However, it is not only the SPs that are expressed in gut
mucosa. Surfactant-like lipid material enriched in phosphatidylcholine and demonstrating surface tension–lowering capabilities has also been reported as lining the gut epithelium
(Engle and Alpers 2001). Although the function of these lipids
is not clear, they are likely to have a role in protecting the
underlying epithelial cells from both mechanical and chemical
injury and may be involved in the binding of molecules for
biochemical processing (Engle and Alpers 2001). It is also possible that the lipids may have a role in dealing with interfacial
tension of liquids of different viscosities in the gastrointestinal
tract and other mucosal surfaces (Sullivan et al. 1998).
Hence, it is possible that the surfactant system could have
migrated with the epithelial cells during the out-pouching
events associated with the generation of either lungs or swim
bladders from different regions of the pharynx. To our knowledge, no analysis has been performed on the presence of SPs
in other gas-exchange organs of fish, such as the gills, buccal
cavity, or specialized respiratory regions of intestine. However,
given that these structures also originate from the pharynx, it
is likely that SPs are present in these structures.

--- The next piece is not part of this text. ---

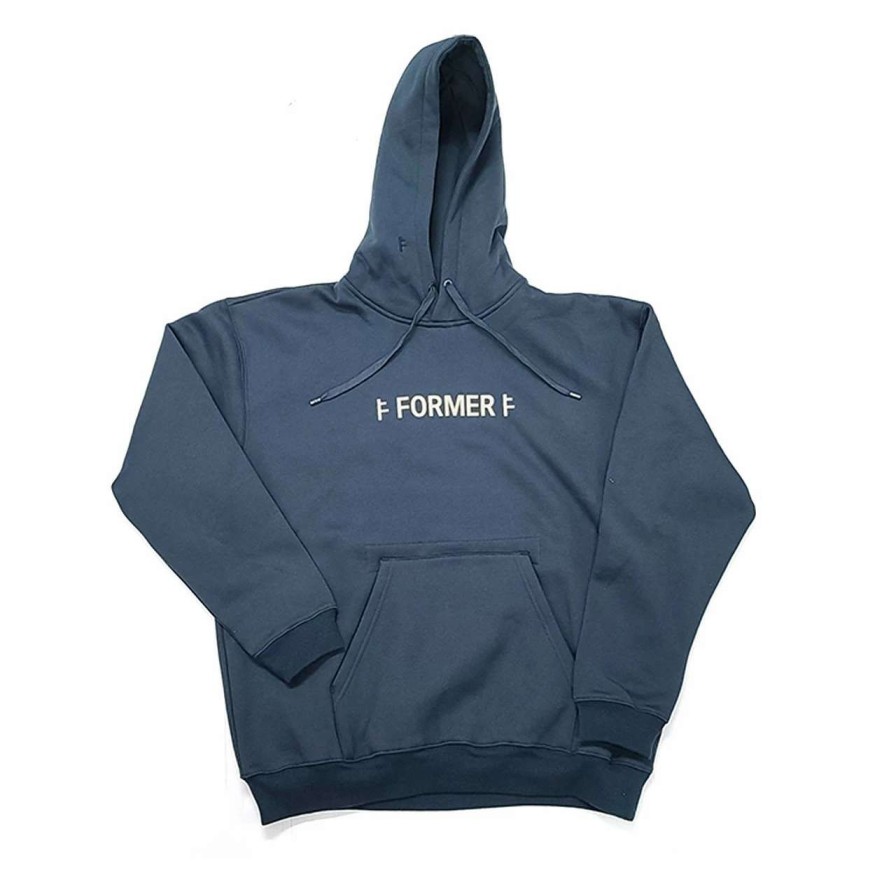 Jumpers & Hoodies * | Former Ff Legacy Hood Mens In Steel Blue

This study is the first demonstration of the presence of SPD in the lungs of nonmammalian species and the first to demonstrate SP-B in actinopterygian fishes. SP-B has been previously detected in chicken and salamander lungs (Zeng et al.
1998; Miller et al. 2001), and SP-A is well documented in fish
(Rubio et al. 1996; Sullivan et al. 1998; Prem et al. 2000). The
functions of the SPs in mammals are not yet fully understood.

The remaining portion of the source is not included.